Moya here. I, along with some other folks who watched the last episode of the Misadventures of Awkward Black Girl, my favorite web show, were jarred with the use of a particular slur that’s generally directed at trans women. We wrote an open letter voicing our concerns and I posted it to the CFC tumblr. Since then some folks thought, my bad, that the CFC wrote this letter together. No, just me, forever letter writer, and instigator.
You’d think that previous experience would teach me that my critiques of pop culture are often misread and that I should expect a clap back. I honestly thought this would be different because the letter writers were coming from a place of love and appreciation. We were/are fans. Since the first episode we’ve been saying “You get me!” And I think that’s why we were hopeful that a letter like ours, with a non-demonizing tone, might be a welcome invitation to consider how folks are taking in some of the comedic material.
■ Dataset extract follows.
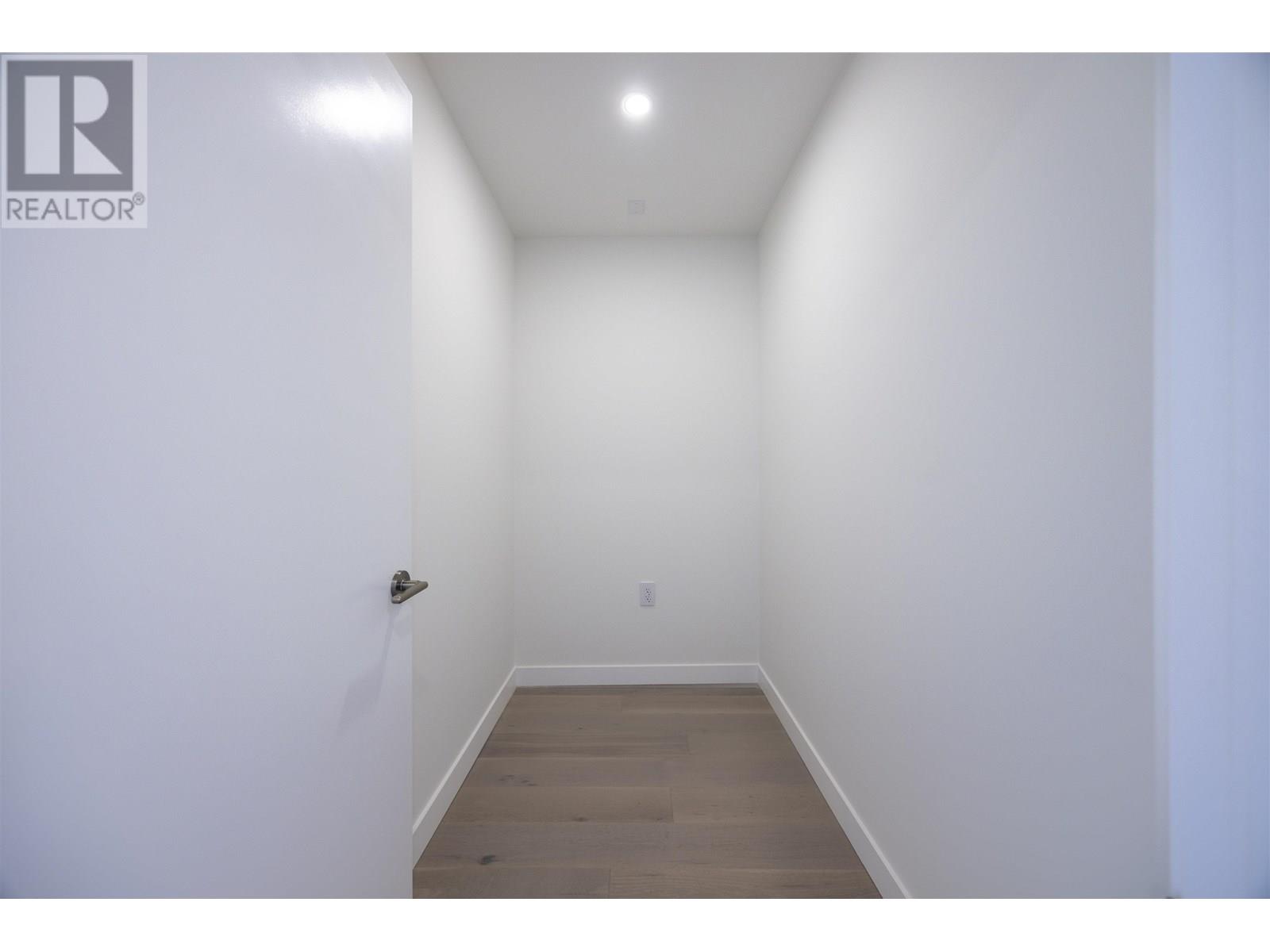Photo 10 of 409 5212 Cambie Street, Vancouver BC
I totally believe in free speech in folks saying whatever they feel. Folks have the right always to create what they want to and use whatever language works for them. But doesn’t that mean I/we have the right to respond? I’m not trying to create a world where people have to speak a certain way, where language is policed. But doesn’t creative license necessarily generate feedback and reception? In the Brilliant word of CF Crunktastic, “When did love ever mean the absence of critique?”
I signed my name because I want to be accountable for the impact of my words on others. I’m only asking that others be open to hearing when that impact happens.